The preacher, identified by The Yale Daily News as “Brother Stephen,” reportedly posted up on a street corner in the heart of Yale’s campus, “shout[ing] derogatory statements at Yale students and New Haven high schoolers,” according to the paper. These included incendiary remarks about Muslims, Jews and homosexuals.
Some students organized a counter-protest, playing music from speakers and shouting “gay is good” at the preacher. On a campus Facebook group, one student claimed the preacher was a “white supremacist” and that a “white police officer” had given him a cup of coffee and a pat on the back.
One other student told The Yale Daily News that she also saw a police officer bring the preacher coffee. She claimed the gesture, and the police officers’ unwillingness to confront the preacher, was unacceptable:
[A]ccording to students, the preacher’s diatribe was closer to a malicious attack, rather than a reasoned disagreement. [Student Hannah] Sachs said she was walking from her job at the Yale University Art Gallery on Thursday afternoon when she heard the man tell students that they are going to hell.
According to Sachs, the man then began “[gushing] vitriol” about Native American students. He also claimed that the University “hates Jesus” because “Jesus is opposed to lesbianism,” Sachs said…

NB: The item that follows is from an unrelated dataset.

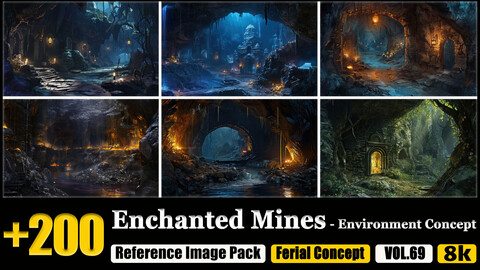 200 Enchanted Mines Environment Concept Reference Image Pack v.69 |8K|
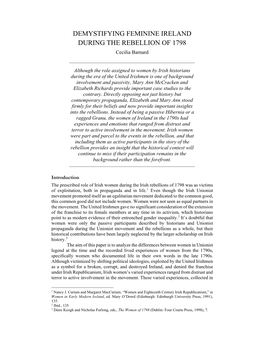 DEMYSTIFYING FEMININE IRELAND DURING the REBELLION of 1798 Cecilia Barnard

Sachs reported the preacher to the YPD on Thursday for hate speech and harassment and was informed that officers were en route, she said. She added that she saw one officer at the scene who was sitting in his patrol car. Like Goren, Sachs also said she spotted an officer offering the man a cup of coffee. The officers on Friday were “chatting jovially [and] seemingly uninterested” in the man’s verbal harassment of passing students, Sachs added.
She argued that “there is a massive difference” between protecting free speech and supporting hate speech. The police officers’ actions showed no regard for the physical and emotional safety of those impacted by hate speech, Sachs noted.
“It fits into a narrative of active antagonism through clear refusal to take action for all people of color, which impacts Yale students as well as New Haveners,” Nash Keyes ’21, who attended the Friday protest, said in an interview with the News.
A university spokesman said the school “has no knowledge of Yale Police officers engaging in such an activity.”